Paying Restaurant Employees in a Changing Payroll Landscape

Given the variety of payment methods restaurant workers may receive, restaurant payroll can be complicated. There are many ways that minimum wage regulations, overtime rules, and tip credit can affect workers based on method of payment:

Minimum Wages Regulations and Tip Credit

While the federal minimum wage has remained consistent since 2009, many states and municipalities have elected to adopt a higher minimum wage rate. Employers covered by multiple minimum wage requirements must follow the stricter standard; the one that is the most beneficial to the employee.

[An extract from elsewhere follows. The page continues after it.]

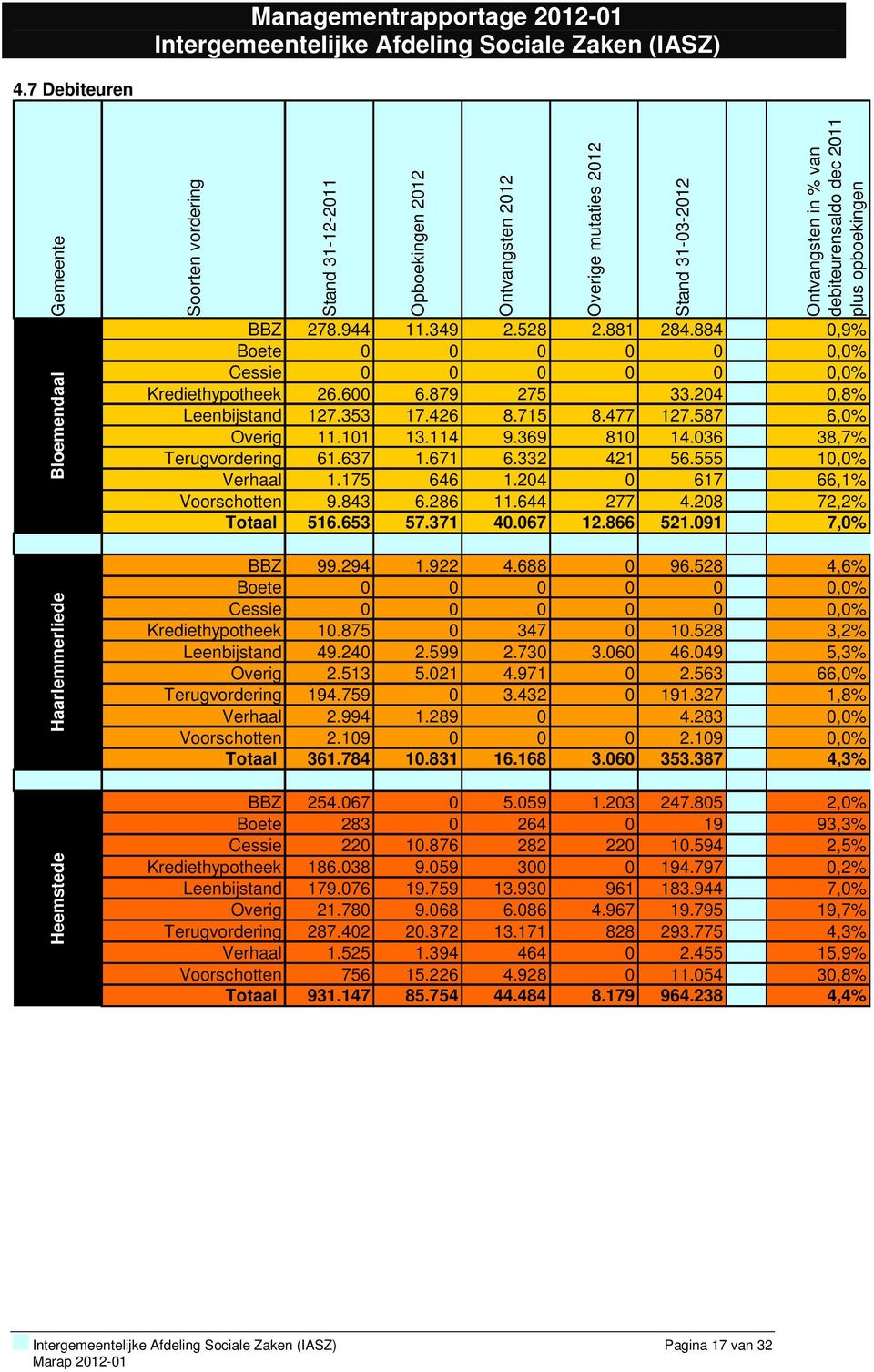 587 6,0% Overig 11.101 13.114 9.369 810 14.036 38,7% Terugvordering 61.637 1.671 6.332 421 56.555 10,0% Verhaal 1.175 646 1.204 0 617 66,1% Voorschotten 9.843 6.286 11.644 277 4.208 72,2% Totaal 516.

  • For tipped employees: The Fair Labor Standards Act (FLSA) defines tipped employees as any worker who regularly receives more than $30 per month in tips above their base pay. Once providing required notices to employees, the FLSA allows employers to pay a minimum cash wage for tipped employees of $2.13/hour. The difference between minimum wage and the cash wage is the tip credit. Currently the maximum tip credit is $5.12.  If an employee’s tips combined with the cash wage do not equal the minimum hourly wage, the employer must make up the difference. Some jurisdictions require a higher minimum cash wage. Other jurisdictions (including California, Minnesota, and Washington) do not allow tip credit; the employer is required to pay employees the full hourly minimum wage set by the jurisdiction before any tips are earned.
  • For non-tipped salaried employees: Regardless of the method of payment, non-exempt employees must be paid at least minimum wage. Employers should verify that salary for non-exempt employees who are not tipped is at least $7.25 for the first 40 hours in a workweek.
  • For non-tipped hourly employees: The federal minimum wage for hourly employees is $7.25 per hour. However, restaurant owners must be cognizant of the minimum wage requirements for all states and localities in which they operate. Any instance in which the federal, state, or local minimum wage amounts differ, non-exempt employees must be paid the higher of the local, state or federal minimum rate.